Die Position des Europäischen Parlaments ist klar: Eine bei der EZB angesiedelte Aufsicht und eine bei der Kommission angesiedelte Entscheidungskompetenz über die Schließung von Banken würden zu deutlich schnelleren und neutralen Entscheidungen führen. Aufsicht funktioniert nur effektiv, wenn die Abwicklung und Restrukturierung glaubhaft möglich sind.

Sehr geehrte Damen und Herren,

ja, ich glaube, die ökonomisch-nationale Brille hat blinde Flecken, lässt uns nicht erkennen, dass es ein europäisches Interesse gibt, mit dem wir langfristig alle besser fahren - weil unsere Leben und unsere Wirtschaften untrennbar verwoben sind. Es ist nicht populär, das zu sagen. Für Politiker ist es ein Popularitätssteigerungsprogramm, wenn sie sich vor der eigenen nationalen Öffentlichkeit als Verteidiger nationaler Interessen gerieren.

Aber dafür zahlen wir alle einen hohen Preis.

Es tun sich neue Gräben auf in Europa: zwischen Nord und Süd, zwischen Gläubigerstaaten und Schuldnerstaaten, zwischen Euro-Mitgliedern und Nicht-Euromitgliedern.

Und alle fühlen sich als Verlierer.

Dieses Gefühl auf der Verliererseite in Europa zu stehen, ist ein Nährboden für Ressentiments, die wir bereits überwunden glaubten. Populisten machen sich dieses Gefühl zu nutzen.

Eine Internationale der Ultranationalisten wurde vergangene Woche gebildet. Im nächsten Europaparlament wollen die EU-Gegner eine eigene Fraktion stellen. Diese Rechtspopulisten verengen die nationale Perspektive zum ultranationalen Tunnelblick.
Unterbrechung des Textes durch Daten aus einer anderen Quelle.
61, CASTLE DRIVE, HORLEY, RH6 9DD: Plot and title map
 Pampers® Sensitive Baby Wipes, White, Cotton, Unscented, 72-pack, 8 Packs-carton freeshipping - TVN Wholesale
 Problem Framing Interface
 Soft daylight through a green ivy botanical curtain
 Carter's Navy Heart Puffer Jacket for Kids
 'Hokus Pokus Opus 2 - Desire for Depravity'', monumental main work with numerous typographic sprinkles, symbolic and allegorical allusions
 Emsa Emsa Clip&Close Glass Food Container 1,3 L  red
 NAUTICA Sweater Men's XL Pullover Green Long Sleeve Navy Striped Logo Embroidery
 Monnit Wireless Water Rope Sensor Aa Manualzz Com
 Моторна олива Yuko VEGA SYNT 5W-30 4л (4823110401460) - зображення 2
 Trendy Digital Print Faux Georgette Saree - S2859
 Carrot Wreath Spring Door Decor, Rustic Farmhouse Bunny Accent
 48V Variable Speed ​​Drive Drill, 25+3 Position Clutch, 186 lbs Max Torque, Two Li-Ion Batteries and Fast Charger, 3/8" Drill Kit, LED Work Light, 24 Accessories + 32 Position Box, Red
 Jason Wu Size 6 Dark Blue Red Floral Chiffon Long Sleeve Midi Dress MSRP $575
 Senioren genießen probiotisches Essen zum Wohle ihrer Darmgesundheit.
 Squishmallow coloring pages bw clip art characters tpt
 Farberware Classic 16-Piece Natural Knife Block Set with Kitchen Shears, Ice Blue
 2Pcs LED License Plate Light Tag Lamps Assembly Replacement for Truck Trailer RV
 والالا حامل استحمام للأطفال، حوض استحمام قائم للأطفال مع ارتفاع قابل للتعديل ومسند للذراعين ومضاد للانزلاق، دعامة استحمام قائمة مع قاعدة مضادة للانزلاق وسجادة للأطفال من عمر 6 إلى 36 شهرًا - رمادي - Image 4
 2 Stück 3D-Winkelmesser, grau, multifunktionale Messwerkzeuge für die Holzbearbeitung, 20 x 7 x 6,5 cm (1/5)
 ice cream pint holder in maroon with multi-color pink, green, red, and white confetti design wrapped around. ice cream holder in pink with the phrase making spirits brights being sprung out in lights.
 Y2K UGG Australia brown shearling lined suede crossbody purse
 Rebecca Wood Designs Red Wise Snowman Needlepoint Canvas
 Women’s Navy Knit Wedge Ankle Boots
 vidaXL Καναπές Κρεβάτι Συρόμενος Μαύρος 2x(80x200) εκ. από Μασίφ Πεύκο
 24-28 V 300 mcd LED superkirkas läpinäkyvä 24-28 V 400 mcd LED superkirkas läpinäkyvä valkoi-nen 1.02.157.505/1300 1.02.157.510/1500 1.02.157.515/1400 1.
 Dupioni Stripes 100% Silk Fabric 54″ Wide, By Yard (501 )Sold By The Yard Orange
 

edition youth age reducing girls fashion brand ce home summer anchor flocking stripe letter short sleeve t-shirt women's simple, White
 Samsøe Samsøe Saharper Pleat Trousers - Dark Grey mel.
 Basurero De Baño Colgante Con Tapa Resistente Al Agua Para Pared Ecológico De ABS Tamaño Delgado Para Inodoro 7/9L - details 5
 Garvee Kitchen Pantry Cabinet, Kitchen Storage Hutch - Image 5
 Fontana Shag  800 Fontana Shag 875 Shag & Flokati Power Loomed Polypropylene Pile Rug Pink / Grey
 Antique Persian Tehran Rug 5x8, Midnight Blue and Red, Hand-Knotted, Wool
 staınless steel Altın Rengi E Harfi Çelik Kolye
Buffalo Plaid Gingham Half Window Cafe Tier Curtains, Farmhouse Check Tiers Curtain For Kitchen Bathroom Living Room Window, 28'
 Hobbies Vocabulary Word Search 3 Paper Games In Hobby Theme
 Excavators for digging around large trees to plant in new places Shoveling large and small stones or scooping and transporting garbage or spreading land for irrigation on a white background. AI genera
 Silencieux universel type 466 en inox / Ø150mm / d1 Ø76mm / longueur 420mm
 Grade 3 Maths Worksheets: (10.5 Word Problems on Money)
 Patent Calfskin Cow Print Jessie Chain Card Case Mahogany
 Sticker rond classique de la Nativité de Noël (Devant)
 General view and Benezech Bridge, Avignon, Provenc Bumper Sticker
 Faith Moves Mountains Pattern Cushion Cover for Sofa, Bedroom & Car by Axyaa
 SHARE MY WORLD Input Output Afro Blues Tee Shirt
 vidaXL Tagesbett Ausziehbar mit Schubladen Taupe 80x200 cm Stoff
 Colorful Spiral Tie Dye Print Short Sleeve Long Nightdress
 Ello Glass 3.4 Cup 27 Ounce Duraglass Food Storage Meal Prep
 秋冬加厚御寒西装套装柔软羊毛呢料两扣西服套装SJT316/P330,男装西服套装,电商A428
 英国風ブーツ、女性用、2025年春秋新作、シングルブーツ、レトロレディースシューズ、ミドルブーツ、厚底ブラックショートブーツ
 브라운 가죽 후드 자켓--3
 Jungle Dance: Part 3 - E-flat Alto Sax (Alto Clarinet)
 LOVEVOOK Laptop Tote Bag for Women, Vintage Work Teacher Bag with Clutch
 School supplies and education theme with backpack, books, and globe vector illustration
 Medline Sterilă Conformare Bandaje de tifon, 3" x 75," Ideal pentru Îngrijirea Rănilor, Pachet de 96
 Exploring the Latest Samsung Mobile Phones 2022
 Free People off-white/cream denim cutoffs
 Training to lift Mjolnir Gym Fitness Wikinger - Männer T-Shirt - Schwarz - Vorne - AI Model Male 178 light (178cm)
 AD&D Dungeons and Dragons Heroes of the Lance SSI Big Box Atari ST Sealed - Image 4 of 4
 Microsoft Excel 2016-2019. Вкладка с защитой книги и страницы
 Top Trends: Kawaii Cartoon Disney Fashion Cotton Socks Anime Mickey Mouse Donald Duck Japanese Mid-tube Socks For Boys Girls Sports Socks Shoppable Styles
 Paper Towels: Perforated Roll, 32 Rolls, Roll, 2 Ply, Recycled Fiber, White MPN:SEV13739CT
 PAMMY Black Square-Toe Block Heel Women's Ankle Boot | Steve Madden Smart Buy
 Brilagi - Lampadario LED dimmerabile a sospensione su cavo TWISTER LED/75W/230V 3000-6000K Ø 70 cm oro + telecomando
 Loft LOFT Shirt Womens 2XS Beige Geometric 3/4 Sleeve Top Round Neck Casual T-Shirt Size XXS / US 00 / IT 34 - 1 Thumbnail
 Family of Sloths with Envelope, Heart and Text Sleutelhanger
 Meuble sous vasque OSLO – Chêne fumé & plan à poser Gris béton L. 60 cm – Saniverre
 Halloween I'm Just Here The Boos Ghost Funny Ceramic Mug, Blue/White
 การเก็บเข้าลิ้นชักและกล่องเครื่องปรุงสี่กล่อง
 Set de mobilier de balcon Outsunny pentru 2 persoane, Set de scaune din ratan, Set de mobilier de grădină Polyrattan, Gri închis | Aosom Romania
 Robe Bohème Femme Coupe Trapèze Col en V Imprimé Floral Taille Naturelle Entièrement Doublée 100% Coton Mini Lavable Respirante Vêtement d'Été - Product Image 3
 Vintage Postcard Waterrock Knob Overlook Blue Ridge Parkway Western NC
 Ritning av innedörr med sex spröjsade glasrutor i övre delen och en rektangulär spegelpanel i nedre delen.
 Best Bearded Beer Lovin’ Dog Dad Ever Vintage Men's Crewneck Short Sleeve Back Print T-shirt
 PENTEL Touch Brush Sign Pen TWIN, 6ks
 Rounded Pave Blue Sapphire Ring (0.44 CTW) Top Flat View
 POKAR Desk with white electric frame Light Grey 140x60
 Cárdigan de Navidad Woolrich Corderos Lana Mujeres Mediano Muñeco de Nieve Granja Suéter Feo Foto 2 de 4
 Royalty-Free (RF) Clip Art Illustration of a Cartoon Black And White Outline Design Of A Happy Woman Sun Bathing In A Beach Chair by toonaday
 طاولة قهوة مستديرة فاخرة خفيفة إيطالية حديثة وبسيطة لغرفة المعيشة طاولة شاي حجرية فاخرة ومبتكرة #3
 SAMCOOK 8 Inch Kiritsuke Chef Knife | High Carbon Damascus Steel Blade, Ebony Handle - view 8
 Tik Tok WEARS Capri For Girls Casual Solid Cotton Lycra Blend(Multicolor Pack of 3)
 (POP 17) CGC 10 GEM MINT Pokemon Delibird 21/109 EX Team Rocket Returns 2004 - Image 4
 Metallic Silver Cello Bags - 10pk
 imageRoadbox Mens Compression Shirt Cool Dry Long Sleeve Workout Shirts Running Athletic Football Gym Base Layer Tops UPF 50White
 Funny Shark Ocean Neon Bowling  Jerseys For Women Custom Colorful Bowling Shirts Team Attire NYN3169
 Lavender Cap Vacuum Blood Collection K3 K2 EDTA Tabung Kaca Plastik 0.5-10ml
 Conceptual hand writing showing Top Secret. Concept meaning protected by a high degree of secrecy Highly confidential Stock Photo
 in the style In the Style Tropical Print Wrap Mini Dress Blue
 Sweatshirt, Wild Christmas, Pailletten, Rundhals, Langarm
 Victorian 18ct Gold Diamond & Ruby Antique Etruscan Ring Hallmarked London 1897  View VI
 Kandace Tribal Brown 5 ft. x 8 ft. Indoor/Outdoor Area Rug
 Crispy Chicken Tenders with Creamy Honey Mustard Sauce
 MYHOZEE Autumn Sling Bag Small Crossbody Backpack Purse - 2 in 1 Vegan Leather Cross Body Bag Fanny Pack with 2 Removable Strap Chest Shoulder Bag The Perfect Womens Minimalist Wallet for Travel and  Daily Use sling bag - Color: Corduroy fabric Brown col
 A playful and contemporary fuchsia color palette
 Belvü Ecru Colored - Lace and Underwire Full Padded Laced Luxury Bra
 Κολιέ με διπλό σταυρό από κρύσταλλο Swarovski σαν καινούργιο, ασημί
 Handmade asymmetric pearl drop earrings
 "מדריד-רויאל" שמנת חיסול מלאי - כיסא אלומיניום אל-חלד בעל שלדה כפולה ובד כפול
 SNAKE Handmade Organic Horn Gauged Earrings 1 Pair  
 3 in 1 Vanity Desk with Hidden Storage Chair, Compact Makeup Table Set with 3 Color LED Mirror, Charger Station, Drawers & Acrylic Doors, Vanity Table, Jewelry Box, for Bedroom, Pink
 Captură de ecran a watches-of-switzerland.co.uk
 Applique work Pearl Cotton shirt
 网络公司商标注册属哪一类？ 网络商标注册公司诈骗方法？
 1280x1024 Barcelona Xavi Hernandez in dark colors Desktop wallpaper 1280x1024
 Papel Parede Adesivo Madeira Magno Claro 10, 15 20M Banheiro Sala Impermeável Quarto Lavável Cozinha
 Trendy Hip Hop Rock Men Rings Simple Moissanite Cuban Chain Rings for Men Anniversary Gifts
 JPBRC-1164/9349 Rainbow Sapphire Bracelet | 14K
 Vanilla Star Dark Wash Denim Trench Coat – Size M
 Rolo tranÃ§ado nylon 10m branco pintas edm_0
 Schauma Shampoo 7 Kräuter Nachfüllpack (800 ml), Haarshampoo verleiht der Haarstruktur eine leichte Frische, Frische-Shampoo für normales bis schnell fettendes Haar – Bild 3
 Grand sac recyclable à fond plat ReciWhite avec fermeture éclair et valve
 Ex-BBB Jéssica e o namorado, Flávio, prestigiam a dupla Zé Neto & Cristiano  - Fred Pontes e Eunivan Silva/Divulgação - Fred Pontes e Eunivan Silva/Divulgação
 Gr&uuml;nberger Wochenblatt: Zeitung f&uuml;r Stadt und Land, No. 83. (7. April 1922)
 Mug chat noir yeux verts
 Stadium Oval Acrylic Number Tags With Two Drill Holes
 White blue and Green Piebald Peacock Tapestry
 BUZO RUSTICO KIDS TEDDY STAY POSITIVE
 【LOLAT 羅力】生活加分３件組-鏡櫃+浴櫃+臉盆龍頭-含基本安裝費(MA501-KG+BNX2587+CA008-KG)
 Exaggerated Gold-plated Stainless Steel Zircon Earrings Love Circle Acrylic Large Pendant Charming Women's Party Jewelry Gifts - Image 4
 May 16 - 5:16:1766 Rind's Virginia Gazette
Ja, die Populisten sprechen das Bauchgefühl von vielen Menschen an, ein diffuses Unbehagen mit der als anonym empfundenen Macht Brüssel. Das müssen wir zur Kenntnis nehmen und aufgreifen, wollen wir neues Vertrauen gewinnen. Wir müssen mit möglichst vielen Menschen darüber sprechen, was ihnen am aktuellen Zustand der EU nicht gefällt und was sie ändern wollen. Wir müssen die EU verbessern.

Doch der ultranationale Tunnelblick der Rechtspopulisten suggeriert, der Rückzug in die nationalstaatliche Idylle als Insel der Glückseligen sei wünschenswert und machbar. Nur dagegen zu sein, nur "Nein" zu sagen, bringt niemanden in Arbeit und Brot; Simple Antworten wie "die Grenzen schließen" oder "den Euro abschaffen" lösen die hochkomplexen Probleme der Welt im 21. Jahrhundert nicht.

Niemand kann die Globalisierung zurückdrehen oder sich von der Welt abschotten. Ja, wir wollen die Nationalstaaten als Heimat behalten aber wir wissen auch darum, dass wir die EU als zusätzliches Schutz-Element brauchen:

Weil wir gemeinsam stärker und alleine schwächer sind. Weil wir im 21. Jahrhundert entweder alle gemeinsam gewinnen oder jeder für sich alleine verliert.

Ich danke Ihnen für Ihre Aufmerksamkeit und freue mich auf die Diskussion mit Ihnen, lieber Herr Krach.